Я обделалась. Чего и хотелось кошке.
Хищно выпущенные когти посверкивали в тени серебром. В мощном урчании слышалась нота страсти, самая жуткая, самая зловещая.
– Удовлетвори ее, – сказала Сладкая Мари, словно я знала как.
Что за слова вырвались у меня в панике, не помню; страшно не это, страшно то, что затем приказала ведьма:
– Сними их. А то она их сорвет вместе с кожей.
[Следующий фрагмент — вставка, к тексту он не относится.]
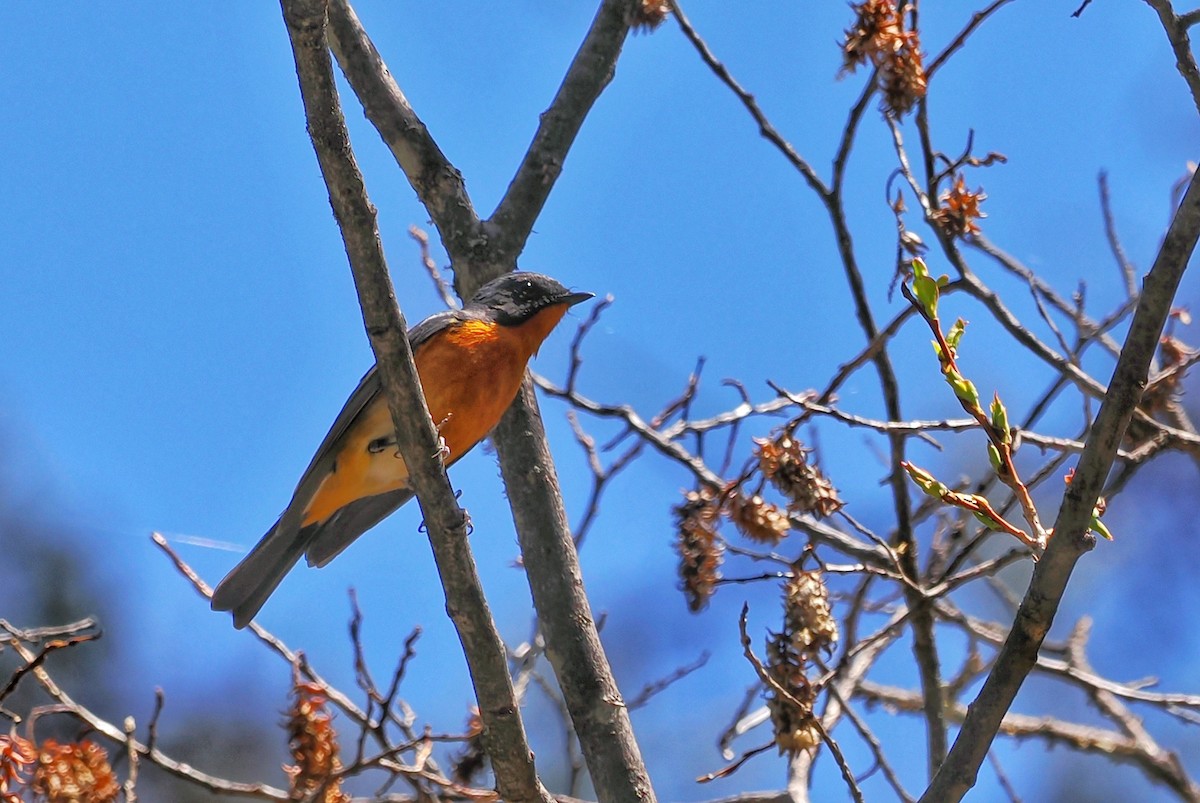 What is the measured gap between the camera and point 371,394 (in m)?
4.95

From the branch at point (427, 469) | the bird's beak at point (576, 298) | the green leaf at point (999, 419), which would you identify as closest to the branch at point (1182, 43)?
the green leaf at point (999, 419)

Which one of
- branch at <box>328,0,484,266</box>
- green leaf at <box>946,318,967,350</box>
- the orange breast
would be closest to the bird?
the orange breast

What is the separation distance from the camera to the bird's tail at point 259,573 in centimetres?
493

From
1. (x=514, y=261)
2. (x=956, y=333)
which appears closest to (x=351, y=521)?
(x=514, y=261)

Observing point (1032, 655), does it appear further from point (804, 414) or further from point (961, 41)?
point (961, 41)

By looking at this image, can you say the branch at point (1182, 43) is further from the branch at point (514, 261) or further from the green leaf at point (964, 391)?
the branch at point (514, 261)

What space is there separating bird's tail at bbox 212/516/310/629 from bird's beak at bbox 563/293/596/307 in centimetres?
156

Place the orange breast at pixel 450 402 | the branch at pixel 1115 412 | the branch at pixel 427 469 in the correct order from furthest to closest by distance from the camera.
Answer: the orange breast at pixel 450 402 < the branch at pixel 427 469 < the branch at pixel 1115 412

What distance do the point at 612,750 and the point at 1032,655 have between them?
178 cm

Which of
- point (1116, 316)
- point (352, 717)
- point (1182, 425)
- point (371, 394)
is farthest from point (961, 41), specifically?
point (352, 717)

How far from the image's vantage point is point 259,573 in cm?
509

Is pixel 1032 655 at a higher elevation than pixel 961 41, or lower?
lower

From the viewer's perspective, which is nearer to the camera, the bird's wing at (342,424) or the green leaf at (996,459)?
the green leaf at (996,459)

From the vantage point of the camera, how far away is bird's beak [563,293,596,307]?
559cm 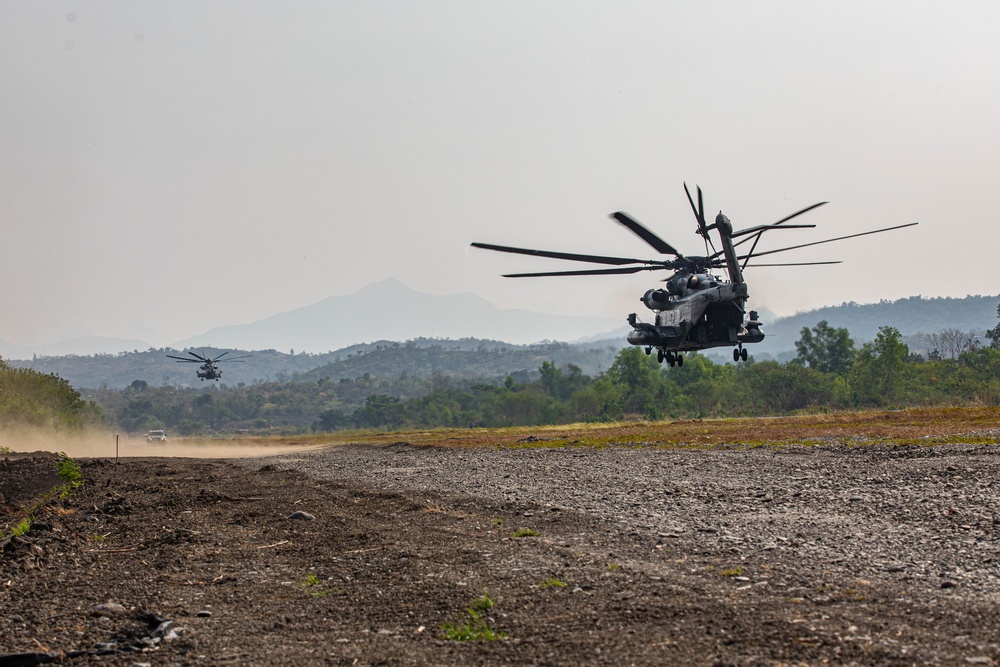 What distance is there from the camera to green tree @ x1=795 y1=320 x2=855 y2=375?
121794 millimetres

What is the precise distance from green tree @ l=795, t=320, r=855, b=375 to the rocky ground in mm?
106721

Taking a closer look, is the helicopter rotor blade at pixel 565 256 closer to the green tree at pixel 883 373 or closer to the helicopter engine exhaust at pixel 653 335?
the helicopter engine exhaust at pixel 653 335

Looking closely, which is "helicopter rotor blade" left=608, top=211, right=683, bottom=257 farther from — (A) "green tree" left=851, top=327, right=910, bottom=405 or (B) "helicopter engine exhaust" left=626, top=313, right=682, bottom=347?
(A) "green tree" left=851, top=327, right=910, bottom=405

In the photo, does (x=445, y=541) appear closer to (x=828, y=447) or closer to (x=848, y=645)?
(x=848, y=645)

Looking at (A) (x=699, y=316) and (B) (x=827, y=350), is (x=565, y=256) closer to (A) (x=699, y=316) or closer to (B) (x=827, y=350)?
(A) (x=699, y=316)

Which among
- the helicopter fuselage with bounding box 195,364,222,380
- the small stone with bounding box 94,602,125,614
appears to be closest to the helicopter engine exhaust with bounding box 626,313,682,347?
the small stone with bounding box 94,602,125,614

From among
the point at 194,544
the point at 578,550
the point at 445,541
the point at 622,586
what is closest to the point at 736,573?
the point at 622,586

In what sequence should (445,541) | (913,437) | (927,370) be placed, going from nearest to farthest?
(445,541) < (913,437) < (927,370)

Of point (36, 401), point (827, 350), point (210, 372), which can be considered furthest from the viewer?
point (827, 350)

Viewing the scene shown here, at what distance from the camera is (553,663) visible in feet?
24.2

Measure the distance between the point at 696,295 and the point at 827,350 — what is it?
10187 centimetres

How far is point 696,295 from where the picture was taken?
29781 millimetres

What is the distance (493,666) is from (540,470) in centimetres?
1842

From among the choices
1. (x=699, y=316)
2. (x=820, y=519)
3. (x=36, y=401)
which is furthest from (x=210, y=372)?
(x=820, y=519) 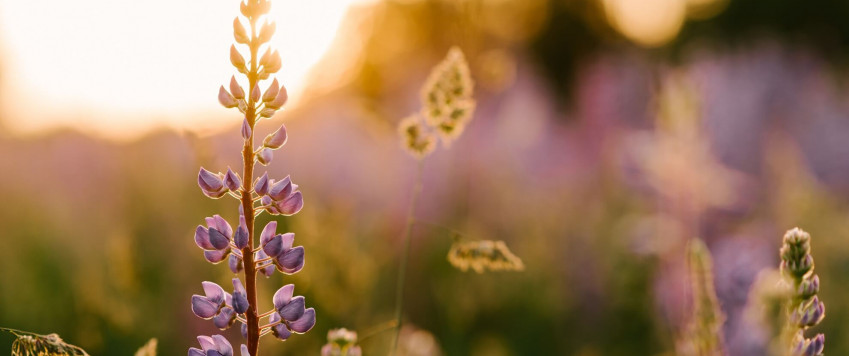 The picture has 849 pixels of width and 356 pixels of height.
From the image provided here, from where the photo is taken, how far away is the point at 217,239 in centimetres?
98

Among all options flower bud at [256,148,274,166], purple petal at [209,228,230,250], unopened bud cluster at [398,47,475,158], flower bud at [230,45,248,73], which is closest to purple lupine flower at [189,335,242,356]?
purple petal at [209,228,230,250]

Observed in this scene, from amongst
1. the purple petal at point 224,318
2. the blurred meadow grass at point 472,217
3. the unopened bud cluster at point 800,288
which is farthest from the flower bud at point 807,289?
the purple petal at point 224,318

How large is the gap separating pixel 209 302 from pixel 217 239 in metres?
0.09

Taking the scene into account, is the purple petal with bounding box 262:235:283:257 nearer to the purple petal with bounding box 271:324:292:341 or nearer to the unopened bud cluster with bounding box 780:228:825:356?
the purple petal with bounding box 271:324:292:341

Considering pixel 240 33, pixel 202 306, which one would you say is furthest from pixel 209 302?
pixel 240 33

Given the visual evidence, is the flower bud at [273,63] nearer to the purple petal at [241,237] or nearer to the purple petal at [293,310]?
the purple petal at [241,237]

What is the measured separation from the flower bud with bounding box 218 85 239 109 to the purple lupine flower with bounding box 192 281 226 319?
24 cm

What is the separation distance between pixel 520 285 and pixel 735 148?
5.79 m

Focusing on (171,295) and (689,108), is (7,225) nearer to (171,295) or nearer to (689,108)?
(171,295)

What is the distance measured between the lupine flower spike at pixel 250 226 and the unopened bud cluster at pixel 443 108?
64cm

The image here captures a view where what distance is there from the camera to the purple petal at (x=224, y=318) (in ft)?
3.20

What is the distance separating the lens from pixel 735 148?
10.1m

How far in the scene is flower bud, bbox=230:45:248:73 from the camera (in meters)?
0.98

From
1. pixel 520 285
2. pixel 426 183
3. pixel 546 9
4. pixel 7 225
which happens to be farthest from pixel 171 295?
pixel 546 9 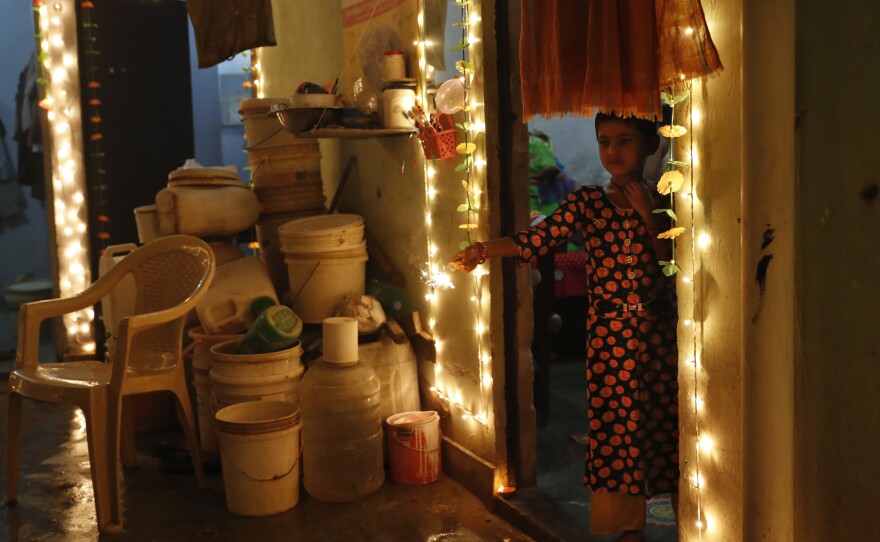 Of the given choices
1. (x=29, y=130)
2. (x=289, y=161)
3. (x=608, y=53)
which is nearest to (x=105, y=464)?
(x=289, y=161)

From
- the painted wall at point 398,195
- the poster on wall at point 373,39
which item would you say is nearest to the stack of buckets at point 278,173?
the painted wall at point 398,195

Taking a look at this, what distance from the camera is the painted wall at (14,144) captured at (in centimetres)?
1127

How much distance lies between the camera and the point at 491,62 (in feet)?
13.4

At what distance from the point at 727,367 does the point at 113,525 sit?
9.77 ft

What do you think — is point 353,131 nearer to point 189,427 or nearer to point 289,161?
point 289,161

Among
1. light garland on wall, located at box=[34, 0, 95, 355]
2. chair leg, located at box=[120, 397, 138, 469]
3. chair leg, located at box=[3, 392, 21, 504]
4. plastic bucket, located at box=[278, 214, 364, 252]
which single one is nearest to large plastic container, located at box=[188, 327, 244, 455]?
chair leg, located at box=[120, 397, 138, 469]

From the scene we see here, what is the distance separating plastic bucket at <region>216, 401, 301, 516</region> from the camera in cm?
425

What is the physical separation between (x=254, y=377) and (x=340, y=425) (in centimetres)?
60

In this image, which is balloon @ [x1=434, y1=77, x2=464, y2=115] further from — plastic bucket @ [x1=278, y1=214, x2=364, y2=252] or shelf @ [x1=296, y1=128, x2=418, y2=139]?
plastic bucket @ [x1=278, y1=214, x2=364, y2=252]

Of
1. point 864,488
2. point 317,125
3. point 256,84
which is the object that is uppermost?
point 256,84

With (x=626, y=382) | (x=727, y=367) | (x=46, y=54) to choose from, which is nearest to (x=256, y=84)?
(x=46, y=54)

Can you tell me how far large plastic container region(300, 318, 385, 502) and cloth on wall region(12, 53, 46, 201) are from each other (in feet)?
20.0

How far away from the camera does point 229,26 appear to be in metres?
5.73

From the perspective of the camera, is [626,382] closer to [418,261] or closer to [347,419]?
[347,419] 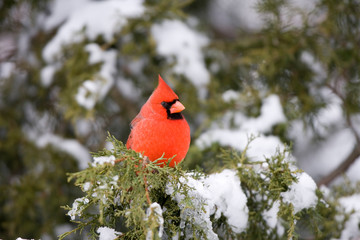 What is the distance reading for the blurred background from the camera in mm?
2873

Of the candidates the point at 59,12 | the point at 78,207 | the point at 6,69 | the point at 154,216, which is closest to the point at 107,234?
the point at 78,207

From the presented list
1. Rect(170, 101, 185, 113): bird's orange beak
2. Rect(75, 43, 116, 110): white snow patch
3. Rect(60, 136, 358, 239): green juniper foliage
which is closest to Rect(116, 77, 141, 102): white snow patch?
Rect(75, 43, 116, 110): white snow patch

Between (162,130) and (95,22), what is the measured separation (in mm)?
1810

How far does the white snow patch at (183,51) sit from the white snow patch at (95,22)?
11.0 inches

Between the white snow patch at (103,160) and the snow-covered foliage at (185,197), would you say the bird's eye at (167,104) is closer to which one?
the snow-covered foliage at (185,197)

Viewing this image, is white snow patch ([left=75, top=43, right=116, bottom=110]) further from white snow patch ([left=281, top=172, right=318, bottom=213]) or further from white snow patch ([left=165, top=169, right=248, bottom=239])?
white snow patch ([left=281, top=172, right=318, bottom=213])

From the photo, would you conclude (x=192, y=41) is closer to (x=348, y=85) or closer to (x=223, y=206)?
(x=348, y=85)

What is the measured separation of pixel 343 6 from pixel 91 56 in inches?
83.6

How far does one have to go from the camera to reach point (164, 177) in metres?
1.39

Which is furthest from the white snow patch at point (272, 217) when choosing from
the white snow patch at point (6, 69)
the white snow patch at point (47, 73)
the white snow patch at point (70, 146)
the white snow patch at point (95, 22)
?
the white snow patch at point (6, 69)

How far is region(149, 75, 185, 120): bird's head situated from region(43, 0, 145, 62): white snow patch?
57.1 inches

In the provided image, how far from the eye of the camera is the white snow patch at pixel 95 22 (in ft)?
10.2

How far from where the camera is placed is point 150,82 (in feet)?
11.4

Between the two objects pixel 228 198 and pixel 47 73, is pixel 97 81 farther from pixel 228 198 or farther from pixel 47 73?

Да, мне пришлось раздеться, обнажиться перед зверем.
– А теперь за дело, – распорядилась Сладкая Мари. – Давай!
Она по-прежнему сидела на седле, свернутые волосы лежали на утоптанном земляном полу. Подняв подбородок, она готовилась наблюдать самое странное из странных зрелищ; я стояла голая от талии вниз, штаны из оленьей кожи были спущены на сапоги. И кошка пустила в ход свой теплый шершавый язык. Принялась за чистку экскрементов. Улизывала мне… меня до тех пор, пока не стало невмоготу терпеть и я не…
Последнее, что я помню, это воркующий голос Сладкой Мари, обращавшейся к кошке:
– Сладкая Мари должна была погадить для своей Коакучи, да? Оставила кисоньку без ведьмина дерьма?.. Кисонька прощает Сладкую Мари?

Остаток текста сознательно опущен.